Misconfiguration Strikes Again Setting Off Google Apps Outage
This week Google Apps customers reported that Gmail for Google Apps, Google Drive, Documents, Spreadsheets, Presentations and the Admin control panel/API experienced outage issues.
ZDNet reported, "Twitter lit up with people complaining about various Google services being down. At CBS Interactive, where we run Google Apps, the search giant's services also turned up a server error.
CNET posted "Google's online e-mail, file storage, and other services ran into a spate of problems this morning, according to Google's status page -- and lots of frustrated users."
NetworkWorld emphasized that "A malfunctioning log-in system affected millions of people's ability to access a variety of Google applications on Wednesday, including Gmail and Drive"
There were tons of complaints on Twitter, Google+ and Facebook:
(and others raised the question: Google Apps down. How do we function?)
What Caused This Outage?
As data center infrastructure becomes more and more complex and the pace of change increases, the challenge of keeping track grows.
The outage, according to Google, has been attributed to "a misconfiguration of a user authentication system and caused a fraction of the login requests to be unintentionally concentrated on a relatively small number of servers. At the time the misconfiguration occurred, monitoring systems detected a load increase and alerted Google Engineering at 1:08 a.m. PT on April 17. However, the alert cleared and the authentication system operated normally under the current load conditions."
The misconfiguration that set this off didn't end at 1:08 a.m. Google reported on a deteriorating situation "At 5:00 a.m. as login traffic increased, the misconfigured servers were unable to process the load. This began to cause errors for some users logging in to Google services. The request load, exacerbated by retry requests from users and automated systems such as IMAP clients, initially appeared as the cause of the login errors."

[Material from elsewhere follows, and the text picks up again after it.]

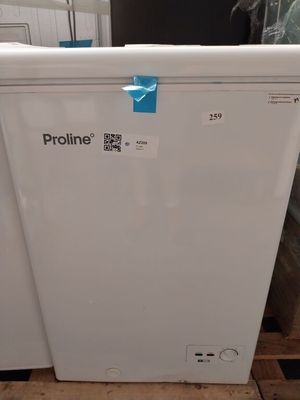 un réfrigérateur blanc posé sur une palette dans une pièce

It's events like this that highlight the pressure that IT operations faces in managing configurations. Minor IT changes can slip into complex systems anytime, both authorized and unauthorized. As shown, an infrastructure the size of Google can be undone by what seems a minor change. So really this means any minute mis-configuration or omission of a single configuration parameter can push a stable system into an incident state, resulting in an outage, harmed reputation, angry customers, legal liabilities, and even financial implications.